▶ _WORK TO BE COMPLETED_
Nothing but the pictures should go missing; return all the entries below exactly.

----- DATA TO PROCESS

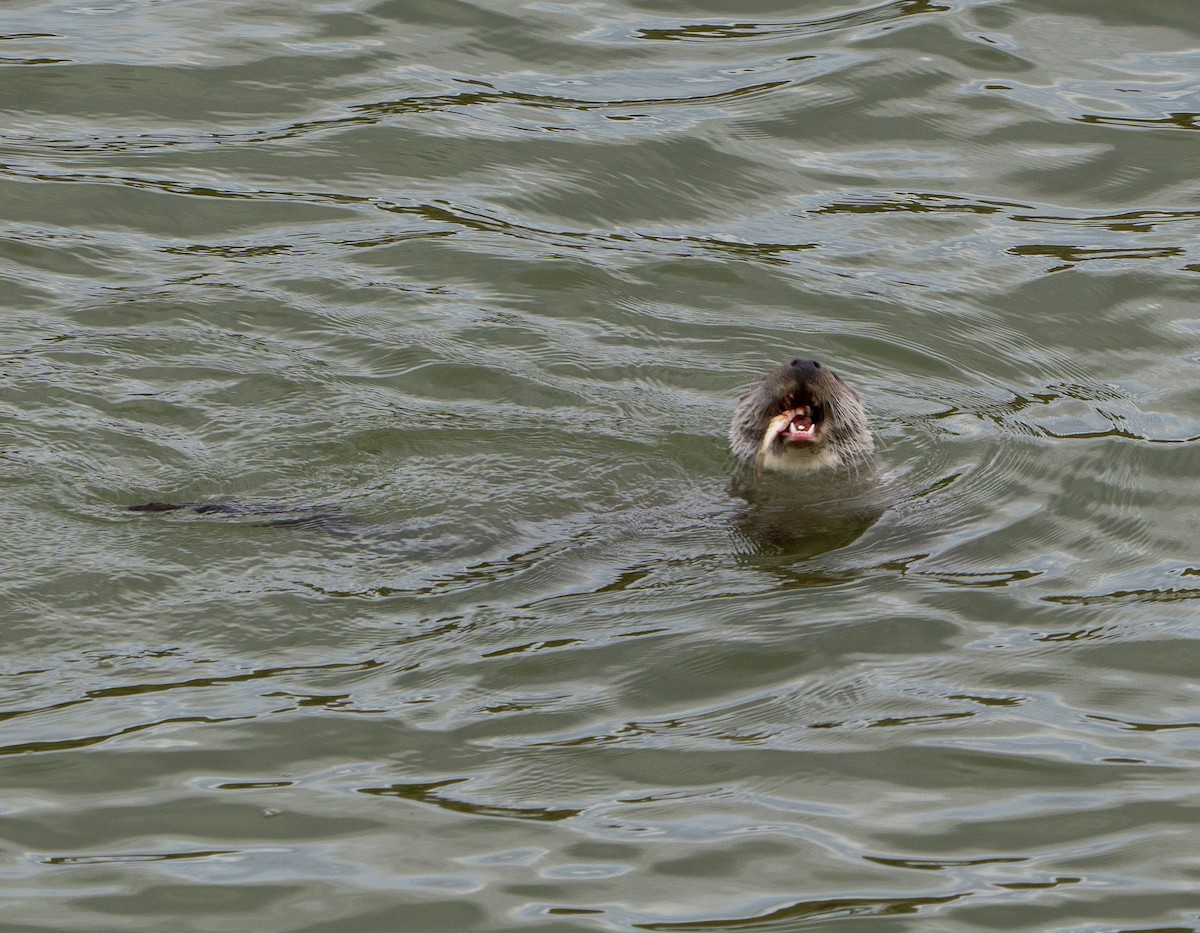 Eurasian Otter - ML645994667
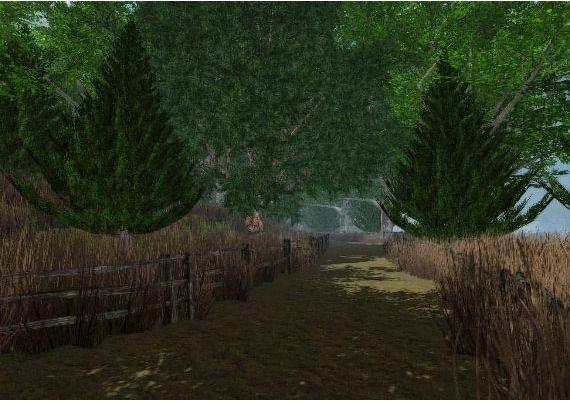 Dragon Storm EN Global Steam Digital Key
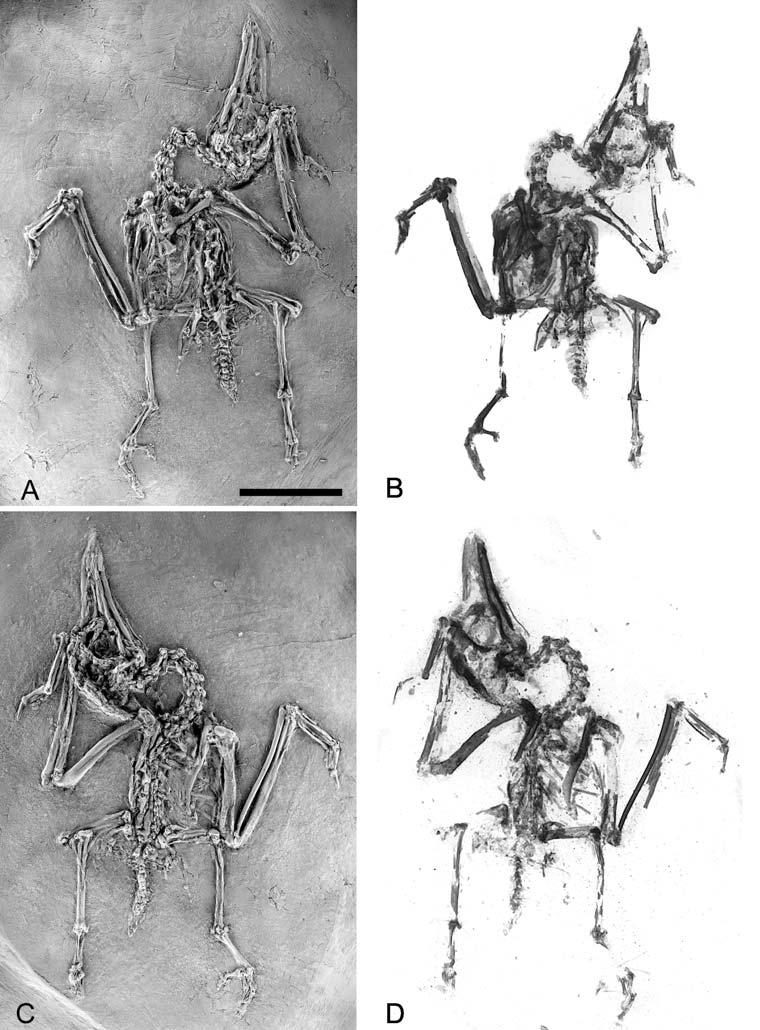 6 G. Mayr ET AL. Figure 3 Primobucco perneri sp. nov. from Messel, holotype. A, specimen SMNK.PAL.404a; B, X-ray photograph of specimen SMNK.PAL.404a; C, specimensmnk.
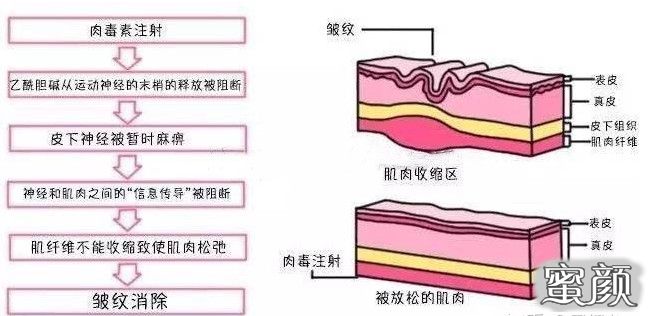 案例图片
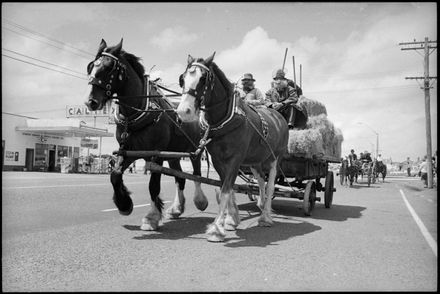 Sanson Centenary Procession: Farmers on Horse Drawn Hay Wagon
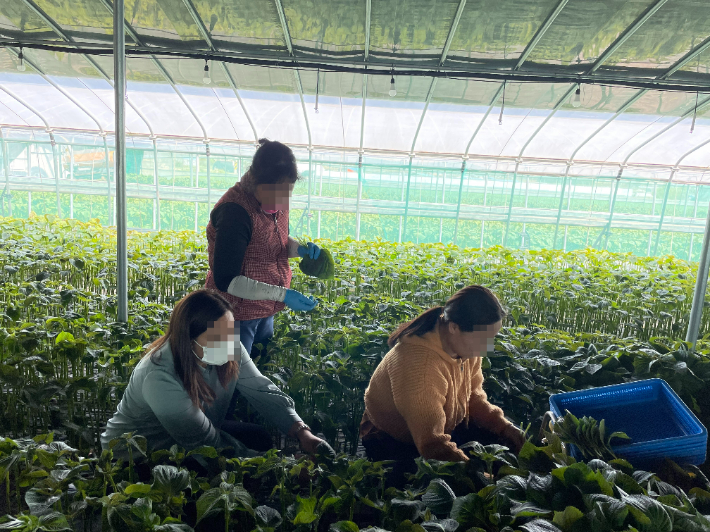 농촌 공공인력. 경남도청 제공 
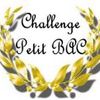 Nouveau Challenge: Petit Bac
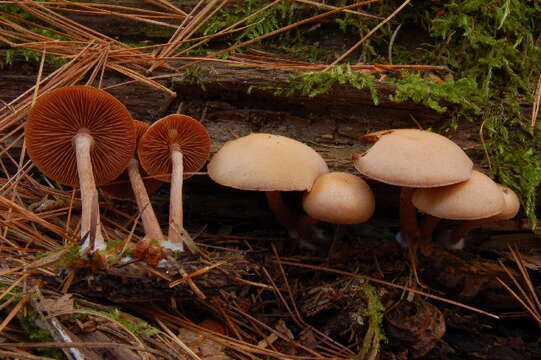 Image of Tubaria confragosa (Fr.) Harmaja 1978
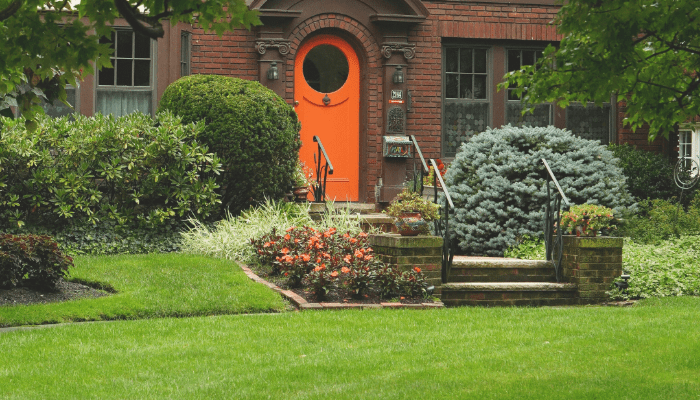 how to make a good lawn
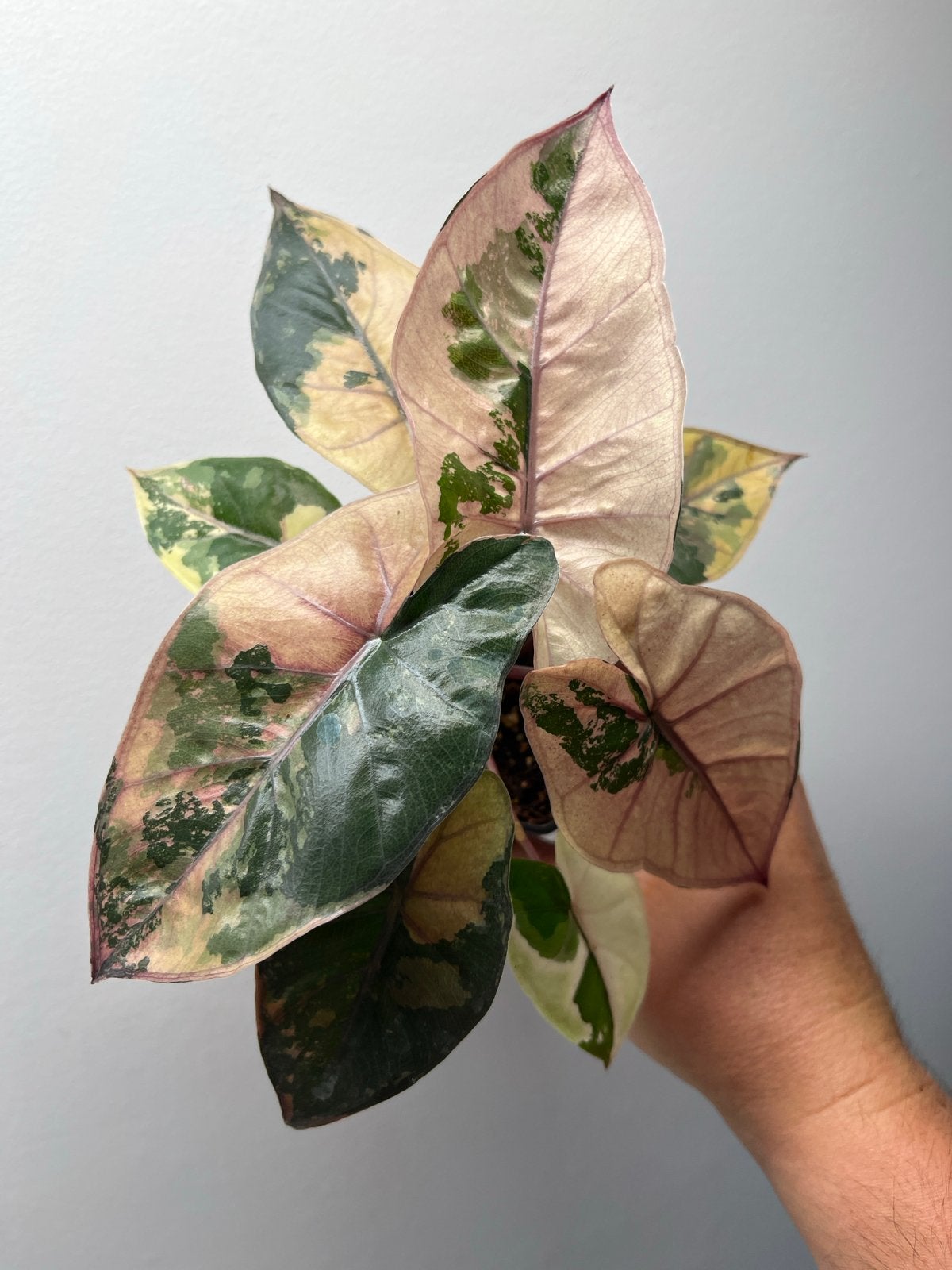 Alocasia Yucatan Princess Pink Variegata - Meerdere, Overige soorten, In pot, Minder dan 100 cm, Bloeiende kamerplant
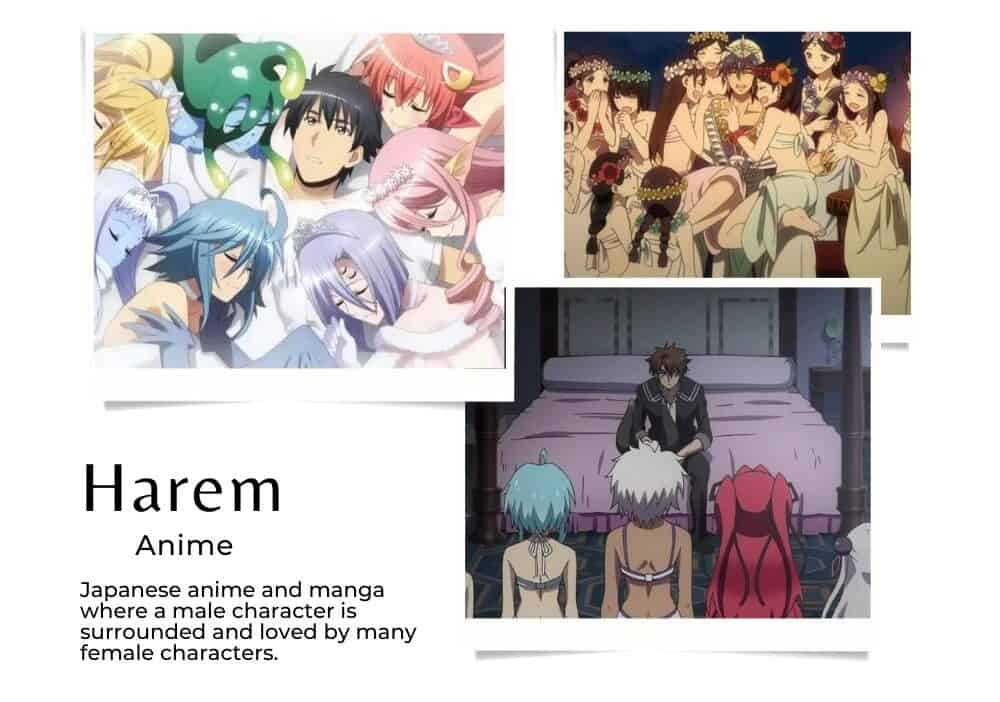 Harem anime genre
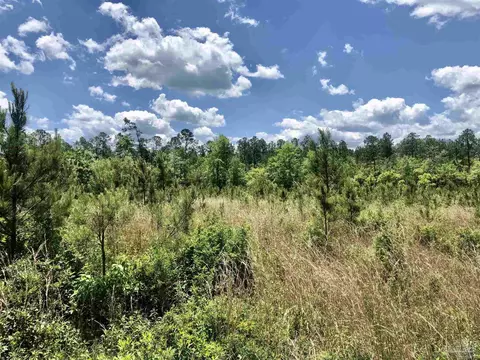 lot80 Br Deer Lodge Dr, Pace, FL 32571 photo 10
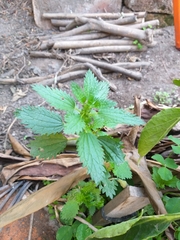 Urtica urens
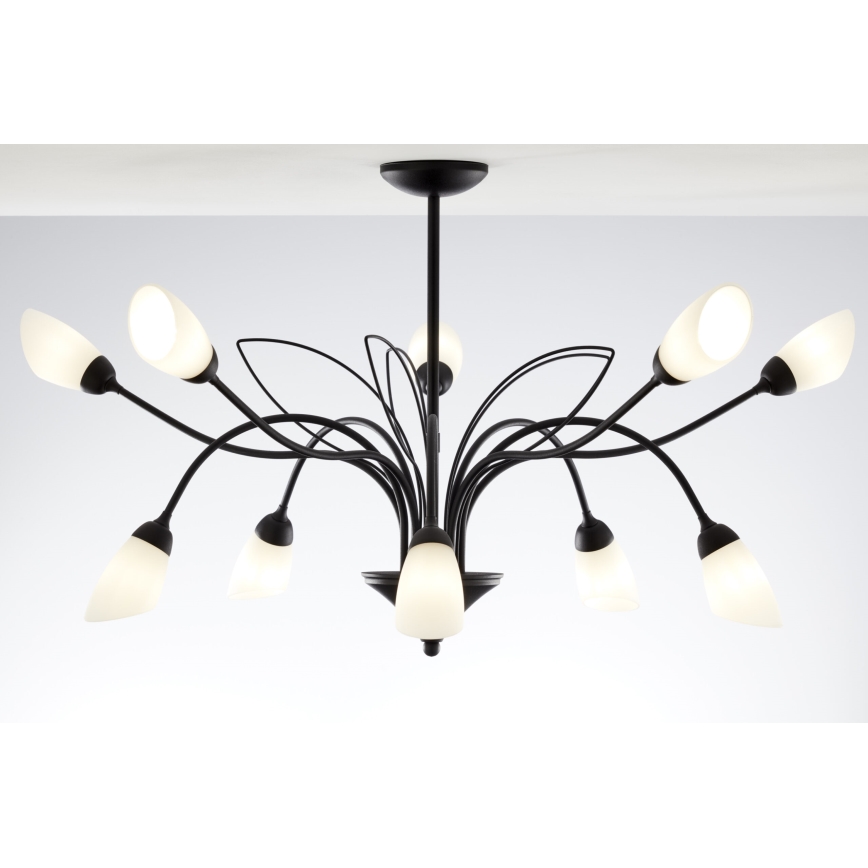 Jupiter 2056 - Lámpara colgante con barra GLORIOSA 10xG9/14W/230V negra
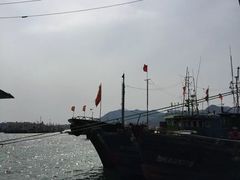 -青岛沙子口国家中心渔港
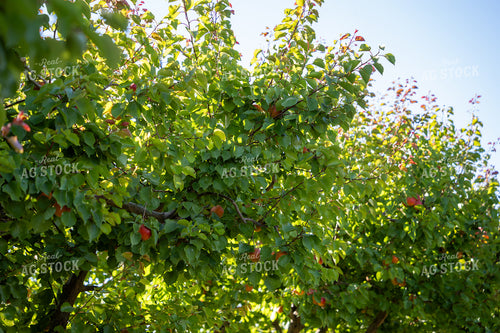 Apricot Orchard 65786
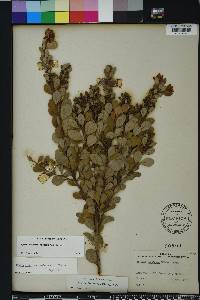 Lyonia fruticosa image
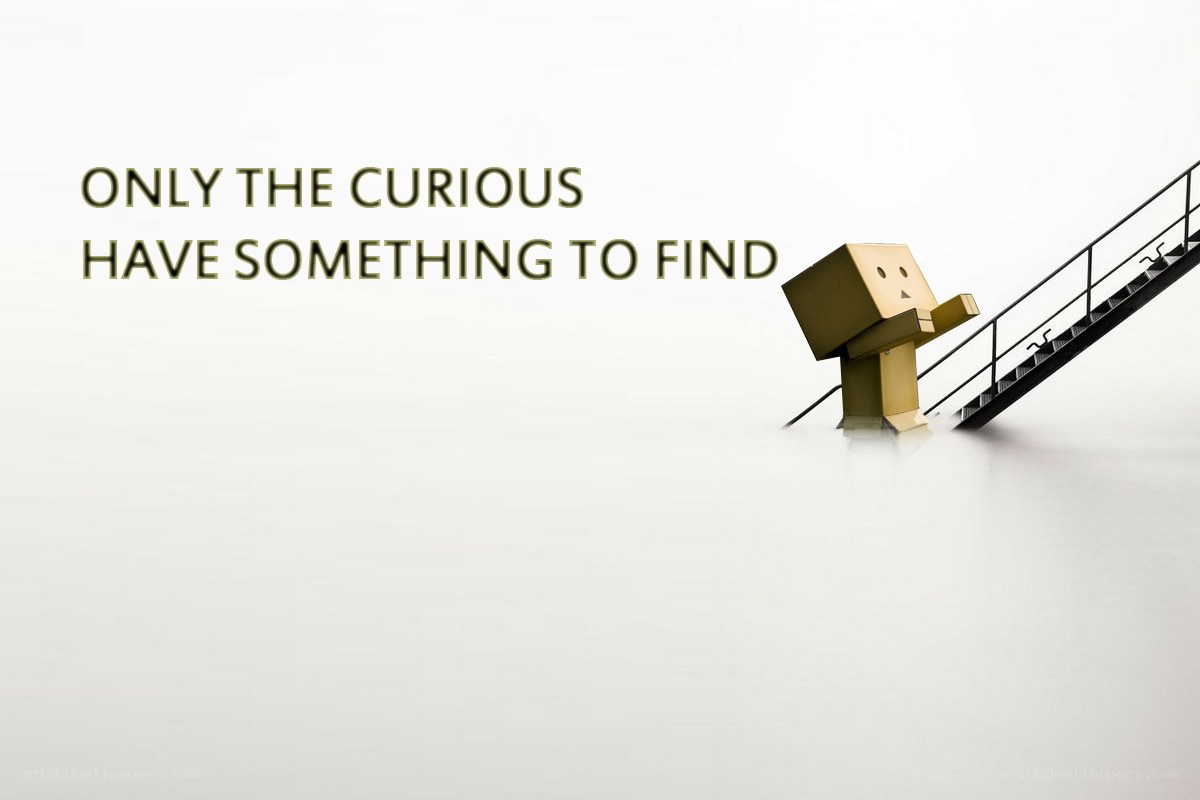 curiosity and discovery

----------

▶ _YOUR RESPONSE_
 Eurasian Otter - ML645994667
 Dragon Storm EN Global Steam Digital Key
 6 G. Mayr ET AL. Figure 3 Primobucco perneri sp. nov. from Messel, holotype. A, specimen SMNK.PAL.404a; B, X-ray photograph of specimen SMNK.PAL.404a; C, specimensmnk.
 案例图片
 Sanson Centenary Procession: Farmers on Horse Drawn Hay Wagon
 농촌 공공인력. 경남도청 제공 
 Nouveau Challenge: Petit Bac
 Image of Tubaria confragosa (Fr.) Harmaja 1978
 how to make a good lawn
 Alocasia Yucatan Princess Pink Variegata - Meerdere, Overige soorten, In pot, Minder dan 100 cm, Bloeiende kamerplant
 Harem anime genre
 lot80 Br Deer Lodge Dr, Pace, FL 32571 photo 10
 Urtica urens
 Jupiter 2056 - Lámpara colgante con barra GLORIOSA 10xG9/14W/230V negra
 -青岛沙子口国家中心渔港
 Apricot Orchard 65786
 Lyonia fruticosa image
 curiosity and discovery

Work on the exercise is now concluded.